Remembering the great state of Jefferson
Secession talk is all the rage of late, with disaffected Americans from Alabama to Alaska saying it’s time to break away and form their own independent enclaves.
Most Americans remember what happened the last time secession was attempted on a major scale. While some argue the matter has never been satisfactorily resolved judicially, others point out that it was pretty clearly settled by the events of 1861-65.
Yet, despite the defeat of the Confederacy nearly 150 years ago and the ensuing belief in the inviolability of the Union, periodic secession movements have continued to crop up over the past century and a half.
Most, however, have focused on taking a piece of an existing state and breaking away to form a new state, such as West Virginia did in 1863.
Massachusetts, New York, Arizona and California are among states in recent years with small but vocal separatist elements, factions interested in snapping off parts of their respective states to form new independent entities.
In fact, California has had more than 200 such proposals since it became a state in 1851, with the first coming only a year after it was admitted to the Union, when northern Californians presented a bill to California’s State Legislature with the goal of creating the State of Shasta by combining areas of northern California and southern Oregon, according to the Mt. Shasta (Calif.) Herald.
One of the more interesting concepts for a new state involved the same region, just before World War II.
The “State of Jefferson” was actually informally established from several counties in Southern Oregon and Northern California after area inhabitants tired of being snubbed by the two states’ more populous regions.
The final straw for long-stewing residents was the refusal by either state to build roads to copper deposits along an established highway in the region.
“Locals were frustrated because they were ignored when they complained to lawmakers that they couldn’t easily ship copper and timber south to ports and markets on the axle-cracking roads,” the San Francisco Chronicle recounted.
Anger quickly boiled over, and in a matter of weeks the leaders of the movement proclaimed the creation of the nation’s 49th state (Alaska and Hawaii were still US territories in 1941).
“They promised to do something, but they lied. We had to act!” read a quote in a 1941 article in the Oakland Tribune, attributed to an individual who lived outside the Northern California town of Yreka.

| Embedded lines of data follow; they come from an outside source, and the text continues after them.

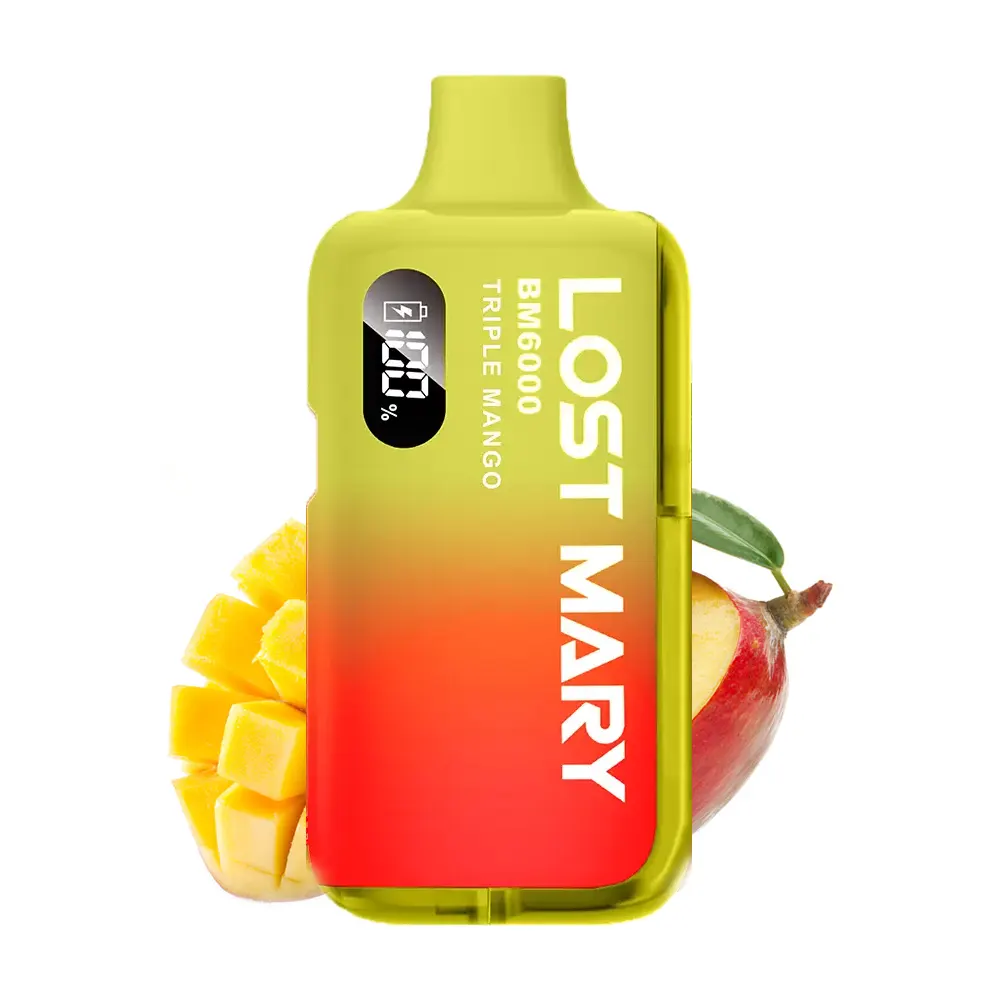 LOST MARY BM6000 Triple Mango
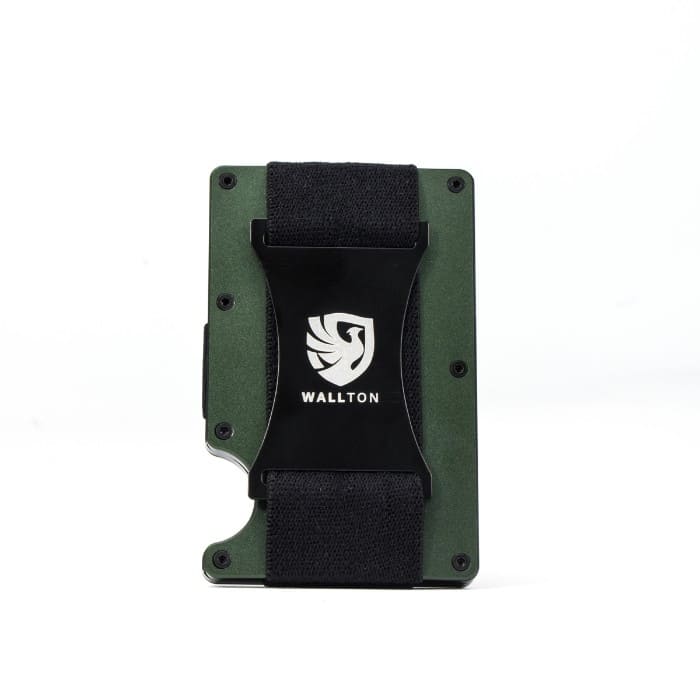 Card holder - AirTag Wallet aus T6-Aluminium - WALLTON™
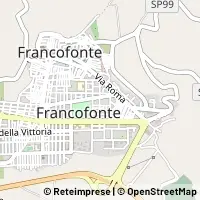 Kort Francofonte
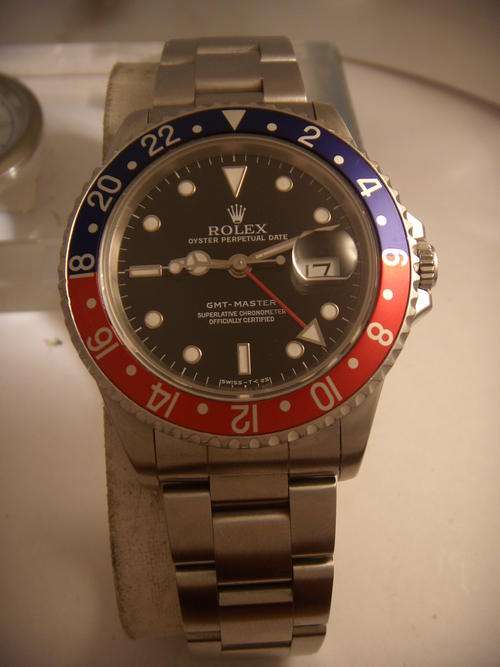 ROLEX OYSTER PERPETUAL   GMT MASTER 2       @@ NO RESERVES@@
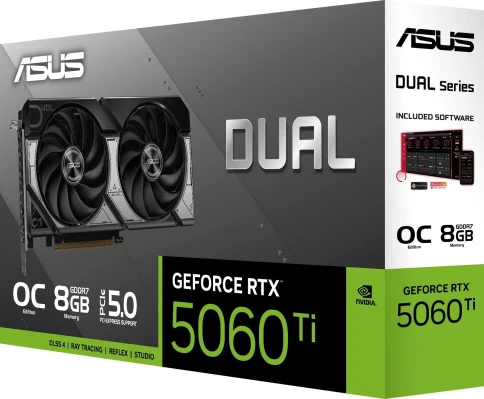 ASUS DUAL-RTX5060TI-O8G фото 6
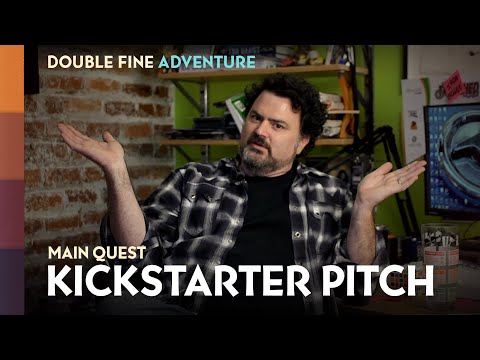 Double Fine Adventure: Kickstarter Pitch Video [Official]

The Siskiyou Daily’s headline on Nov. 3, 1941, read, “Siskiyou Has Been Doublecrossed Again!”
That term became the rallying call for Jeffersonians, as the state seal consisted of two X’s, known as the “Double Cross,” painted on the bottom of a gold pan to symbolize the feeling of being betrayed and abandoned by their state capitals, Salem and Sacramento, according to the Redding (Calif.) Record Searchlight.
“Judge John L. Childs, a leader in the Jefferson movement, was appointed the first governor of the 49th state,” according to the Mt. Shasta Herald. “Yreka’s Chamber of Commerce dubbed the new state Mittelwestcoastia; disgusted by the name, Siskiyou Daily held a contest.”
Fortunately, Jefferson would prove a more popular choice than Mittelwestcoastia.
Yreka even went so far as to host inaugural ceremonies on Dec. 4, 1941.
What kind of media attention did the creation of the new “state” generate? Plenty. Hundreds of reporters from around the country covered the event, including crews from Time and Life magazines, and the San Francisco Chronicle.
The reporter for the latter, Stanton Delaplane, went on to win a Pulitzer Prize for his coverage of events in “Jefferson.”
Hollywood newsreels recorded Childs’ “acceptance speech,” and the ensuing parade. The film was scheduled to be shown in theaters four days later. Everything was set for Jefferson’s rollout on the national stage.
But then the Japanese decided, in a very roundabout way, to meddle in the political affairs of Jefferson by bombing Pearl Harbor just a day before the newsreel was to play in theaters across the country.
The attack effectively ended the Jefferson statehood movement, as the nation came together to fight the external threat.
The name Jefferson still lives on in the Northern California-Southern Oregon region, however. Jefferson flags, featuring a green double-X, can be seen in the area, and a number of radio stations broadcast under the banner of Jefferson Public Radio.
And there’s still talk among locals of breaking away and forming what would today be the nation’s 51st state.
It may never come to pass, as state governments are loath to cede territory – and the revenue that comes with it – these days.
But if one has spent any time in the area that Jefferson is said to encompass, it becomes easy to understand why folks there believe they’d probably do a whole lot better if they were in charge of their own affairs.
And let’s face it, one has to wonder how much worse things could be were Jeffersonians running things than the bunch that oversees Northern California and Southern Oregon from Sacrament and Salem, respectively?